This revenue collection will also be boosted by the anticipated upward of 220,000 metric tonnes of cargo to be handled, according to the Port Managing Director, Dominic Bwalya in an interview.
“In 2020, we posted a profit of K16 million and for the first time, we were able to pay dividend to Government of K2.4 million which demonstrates the simple steps we are taking to build a parastatal adding value to the coffers of the country.
“Last year our total revenue was K62 million and this year our revenue outlook is about K68 million to K70 million,” Mr Bwalya said.
He indicated that the port had over the years recorded an increase in cargo handling which mainly comprised cement and sugar.
Mr Bwalya however indicated that the port last year introduced coal as another product being handled.
“We have seen an increase in cargo year on year. In 2018, we handled about 164,000 metric tonnes then in 2019, 181,000 metric tonnes and last year we were at 205,000 metric tonnes so year on year has been increasing. We are expecting this year an upward of 220,000 metric tonnes of cargo.
“The texture of the cargo type has remained somewhat the same, it is largely construction related cargo such as cement, that is being exported into Burundi.

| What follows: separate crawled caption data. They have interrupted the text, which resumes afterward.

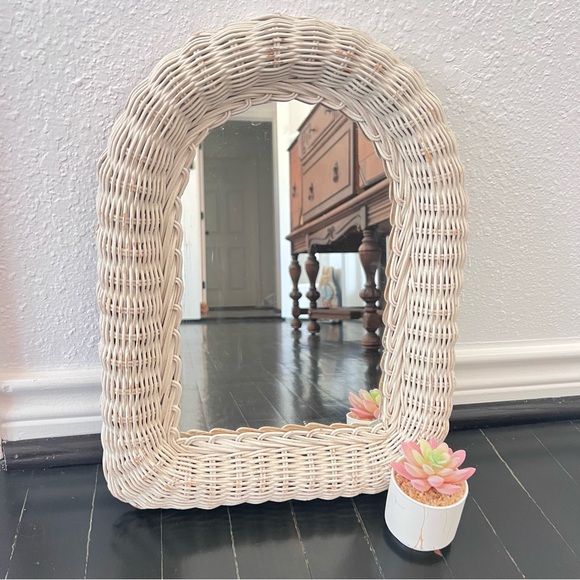 Other - Vintage Wicker Wall Mirror 12x17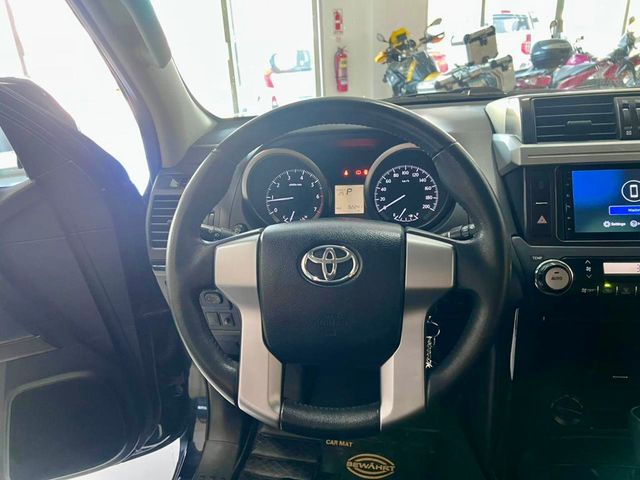 2015 Toyota Prado Disponible para alquiler Automatico  - 22994032 - 8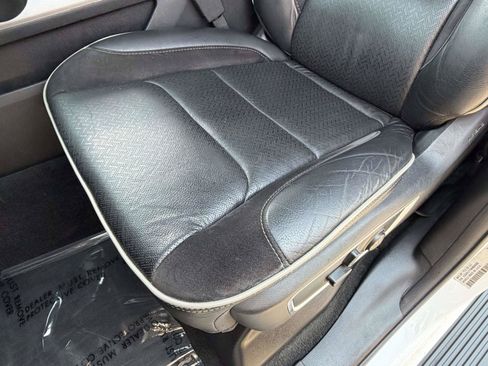 Used 2021 RAM 1500 Laramie AWD/4WD image 28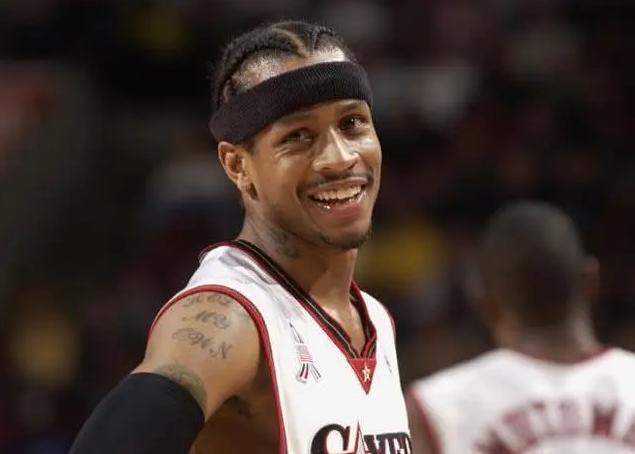 查马克：欣赏阿德利希望代表法国出战的坦率，不像谢尔基很装（查马克：赞阿德利坦言愿为法国效力，谢尔基则显得做作）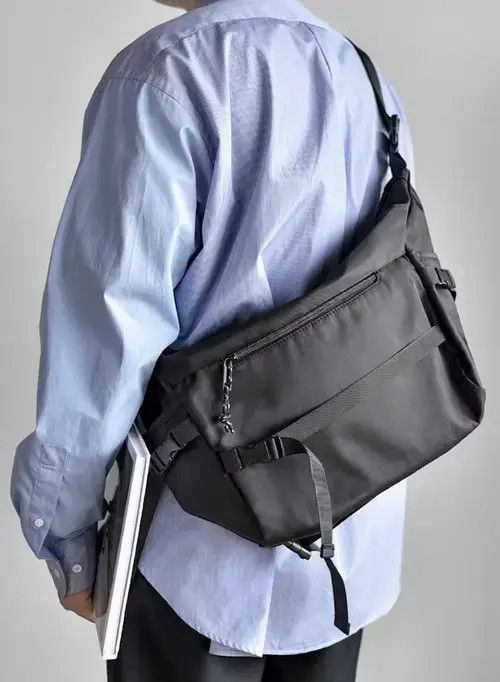 Fashion Grunge Waterproof Crossbody Messenger Bag in Black, Men's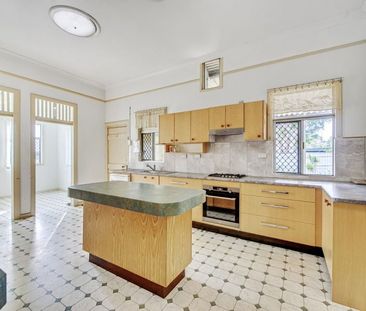 Prime Location with Major Motorway Access & Camira State School Cat... - Photo 3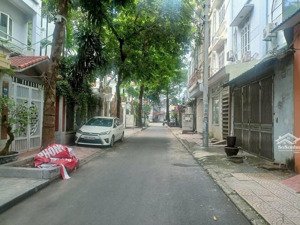 cầu giấy, phân lô, ô tô tránh, vỉa hè, 80m, 23.9 tỷ, 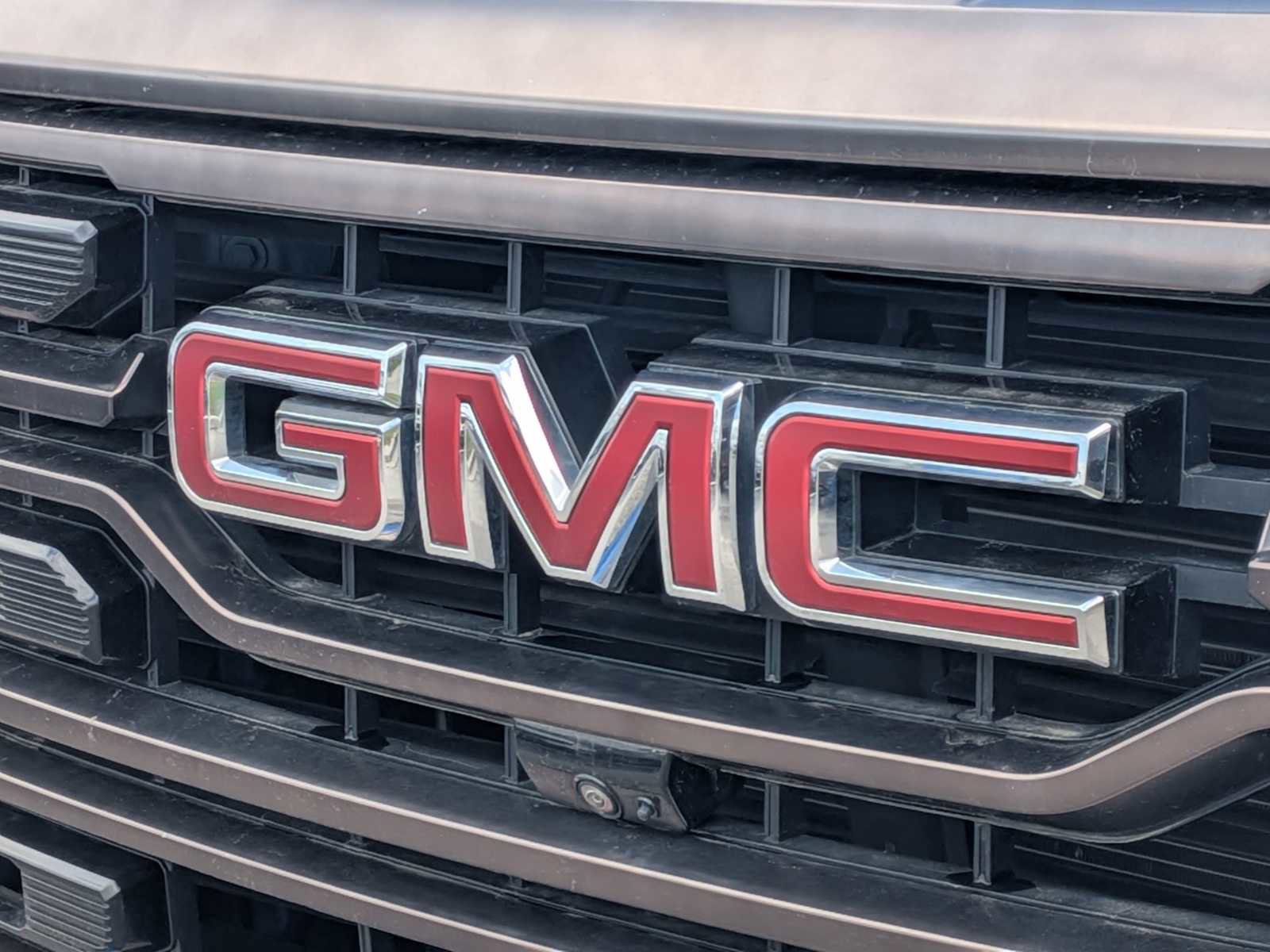 Used 2023 GMC Sierra 1500 AT4X AWD/4WD image 11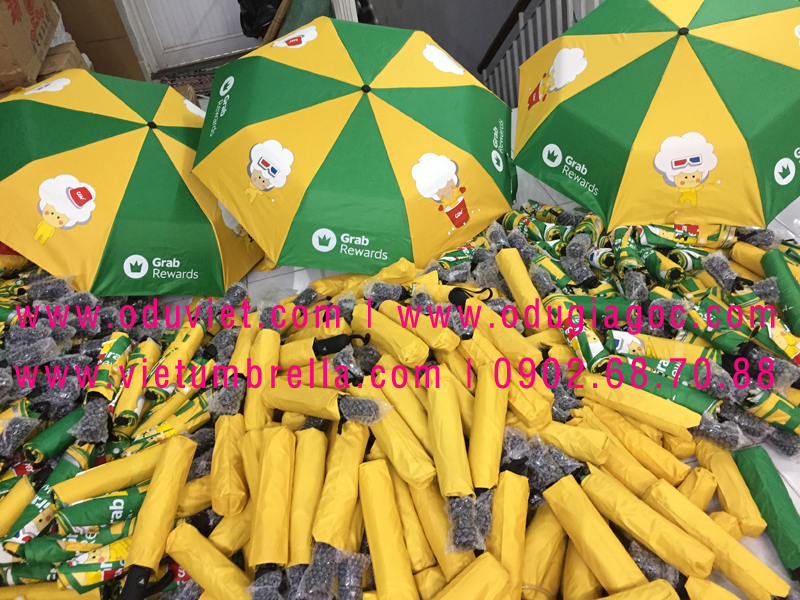 xưởng sản xuất ô dù cầm tay in logo quảng cáo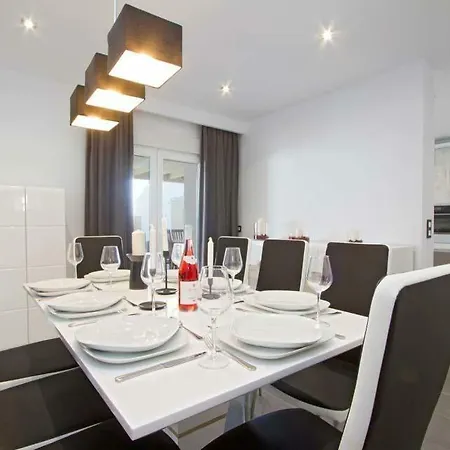 Playa Blanca Sleeps 8 Pool Air Con T803048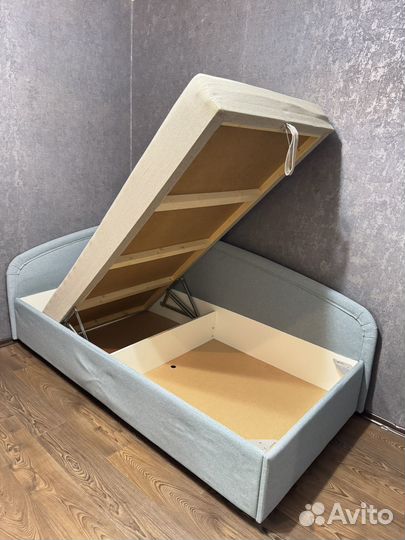 Кровать односпальная,новая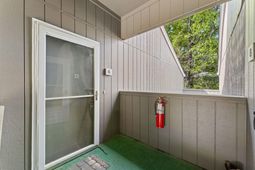 10301 N Kings Hwy. photo 4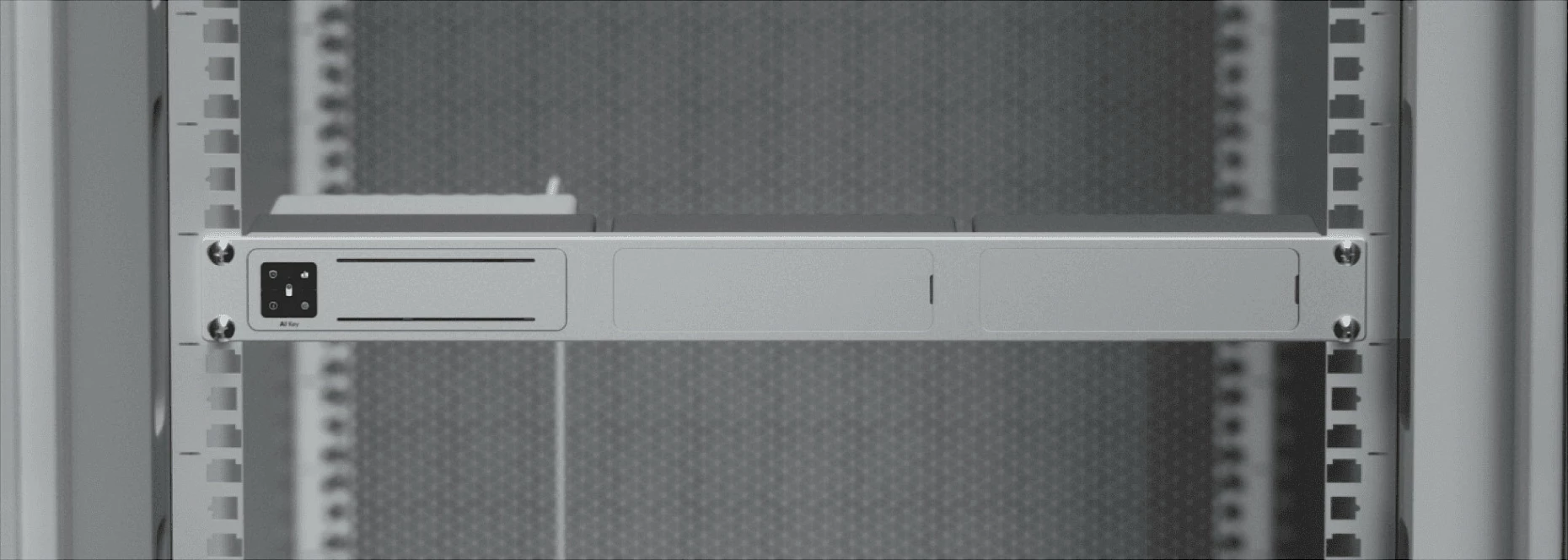 Mbajtëse rack 1U Ubiquiti UniFi AI Key Rack Mount, alumin, e bardhë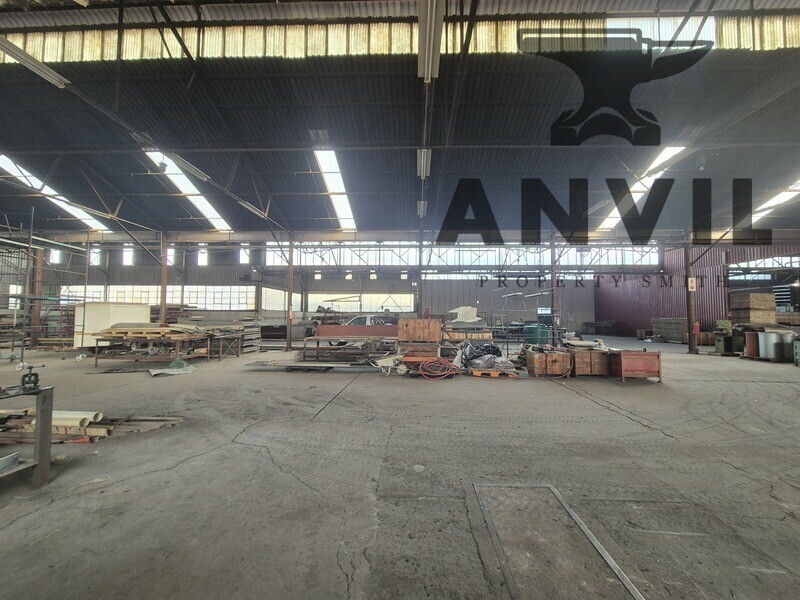2 000m² Warehouse in Secure Alrode Park – Ideal for light manufacturing 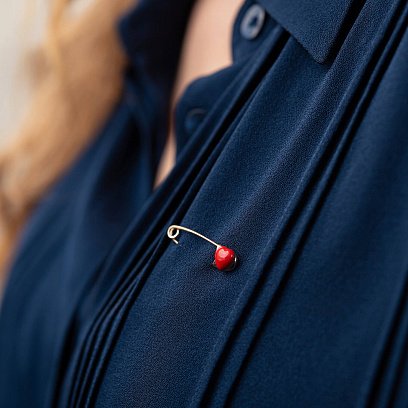 Золотая детская булавка "Сердечко" с эмалью зак00158 №2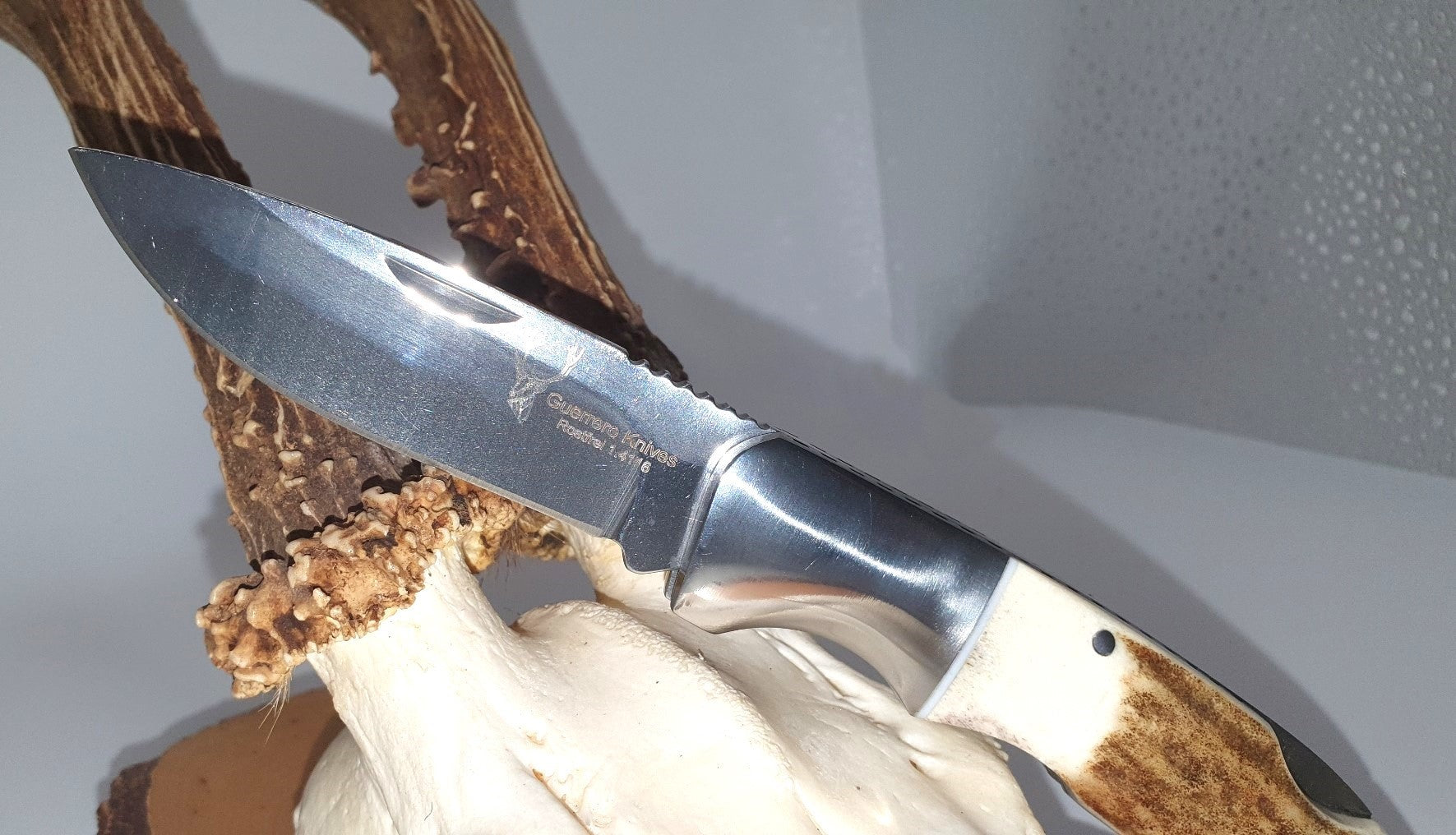 Des Jägers Lieblingstaschenmesser: Bushcraft-, Survival- oder Jagdmesser mit Hirschhorngriff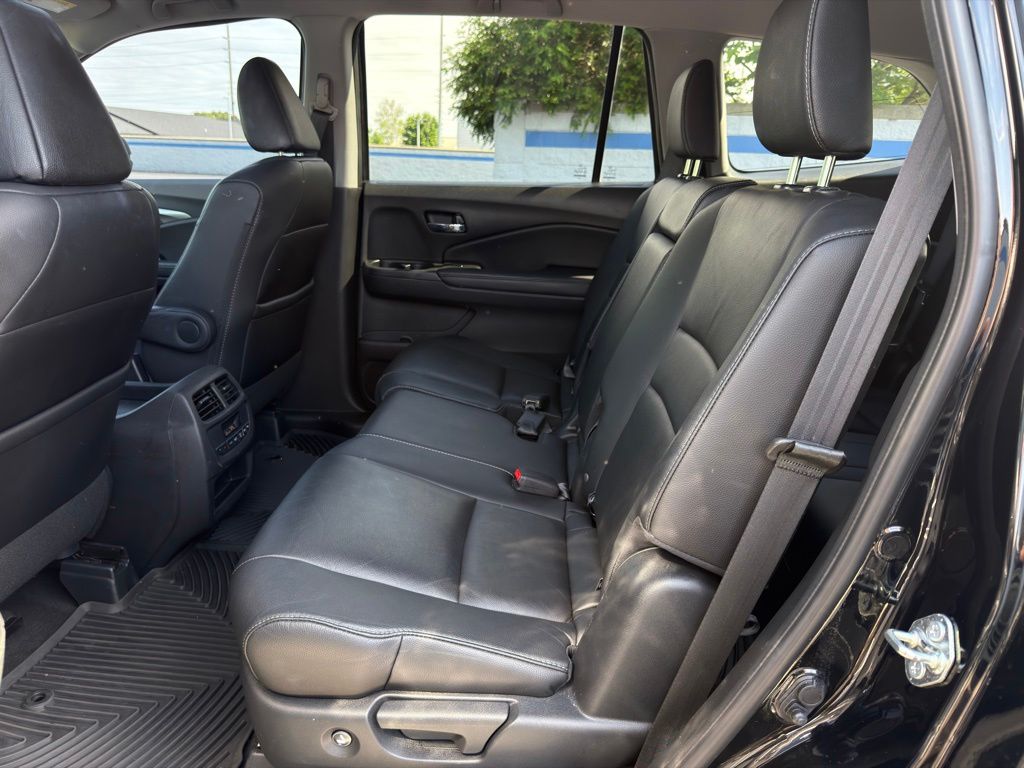 Thumbnail: 2017 Honda Pilot - 19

As of last year we saw introduction of coal that is destines for Burundi which has helped to boost the volumes of cargo that we are handling,” he stated.
Meanwhile, Mr Bwalya said the Port had continued with its modernisation agenda as it currently sat with a promise from the Dutch government of a grant of up to Euros 30 million which was supposed to be unlocked with the counterpart funding of 50 percent.
He explained that the Port was also in talks with the Development Bank of Southern Africa and Africa Development Bank to source for the 50 percent counterpart funding.
“We have three specific bottlenecks at the port: the loading area which is very limited and only allows us to handle one vessel at a time, the equipment that we have is also ill scoped for handling cargo and the layout of the port is also inefficient.
“The money we are looking for is largely to attend to these three ambitions,” Mr Bwalya said.